À ce poste, elle accomplit des missions d’ampleur comme une levée de fonds qui représentait 48 millions d’euros en série A, mais également des tâches de routine : “je m’occupe de la gestion du quotidien avec le CEO, il faut être très pragmatique. Je suis le pense bête du CEO” 

Selon elle, la collaboration et la croissance d’une start up, c’est aussi une question de confiance “Il faut être celui qui peut challenger le CEO, remettre en question certaines choses pour avancer. Le mot clef c’est la confiance. Une relation ne peut pas fonctionner entre le Chief of Staff et le CEO sans confiance” 

A partir de son expérience, Clémentine nous livre quelques perspectives concernant le futur de l’alimentation :

“On parle de plus en plus de protéines alternatives, avec différentes options qui émergent. Aujourd’hui les marques alternatives commencent à être distribuées plus massivement. C’est super. Mais en parallèle, si on regarde les chiffres, il va y avoir une très forte augmentation de la consommation de viande au niveau mondial dans les prochaines années : +70% d’ici 2050.” 

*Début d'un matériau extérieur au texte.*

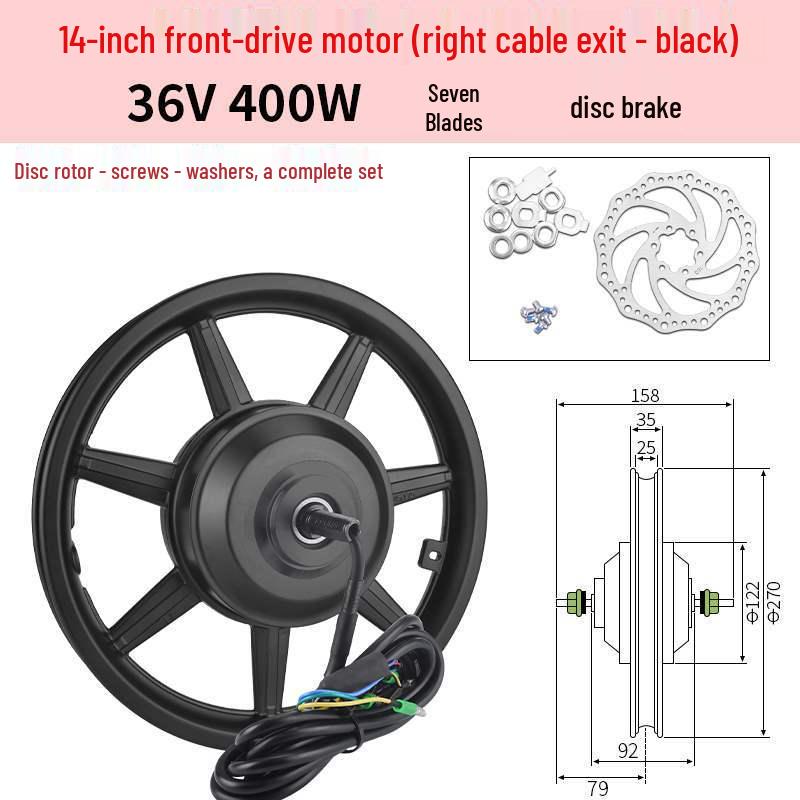 14" faltbares Elektrofahrrad Dual-Antrieb Nabenmotor 36V/48V 350W/400W/500W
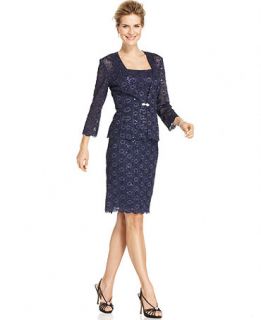 Alex Evenings Petite Dress and Jacket, Sleeveless Sequin Lace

Cette explosion des statistiques est expliquée par l’augmentation du niveau de vie dans de nombreux pays, comme la Chine par exemple. 

Dans beaucoup de pays, la viande est réservée à une certaine élite, sa consommation constitue un symbole. Lorsque les individus ont des revenus plus conséquents, ils consomment mécaniquement davantage de viande. Ce qui est inquiétant quand on prend en compte les modes de production actuellement disponibles : “Il faut se rappeler que la viande est majoritairement produite en élevage intensif. On a tendance à l’oublier, mais c’est une réalité” 

Quant aux solutions qui existent, Clémentine est enthousiaste “Je suis ravie des bonnes relations qui peuvent exister entre les entreprises qui proposent toutes des solutions différentes. Aujourd’hui il n’y a pas de concurrence frontale. L’écosystème est encore petit.” 

“C’est une tendance qui se développe : des conférences en parlent, des fonds d’investissement le mettent dans leurs verticales. Il y a même des fonds qui n’investissent qu’exclusivement dans les protéines alternatives. 

La foodtech répond à des enjeux très intéressants. Mais c’est encore trop centré sur la livraison ou la personnalisation de l’alimentation. Ce qui ne permet pas de répondre aux enjeux cruciaux que nous rencontrons. Il faut davantage parler de circularité, d’alimentation plus végétale, de meilleure gestion des déchets.“ 

Aujourd’hui Gourmey est considéré par certains médias comme un leader de la foodtech française. Engagée pour faire connaître les alternatives disponibles et sa proposition, les membres de l’équipe Gourmey multiplient les interventions, et les rencontres, afin de renforcer les alternatives de demain. 

Pour clore cet entretien, Clémentine nous livre sa vision de la satisfaction et l’accomplissement au travail : 

“Aujourd’hui, j’ai la chance de pouvoir dire que j’ai trouvé ma place. Après pas mal d’itérations et de tests, je suis alignée avec le projet de Gourmey et je m’en sens investie.

Pour retenir les talents, je pense qu’il est important de proposer des valeurs dans lesquelles un individu peut se retrouver. La quête de sens est réelle. Tout comme le fait de travailler sur des projets longue durée, comme nous le faisons chez Gourmey” 

“Mon activisme passe par mon métier.”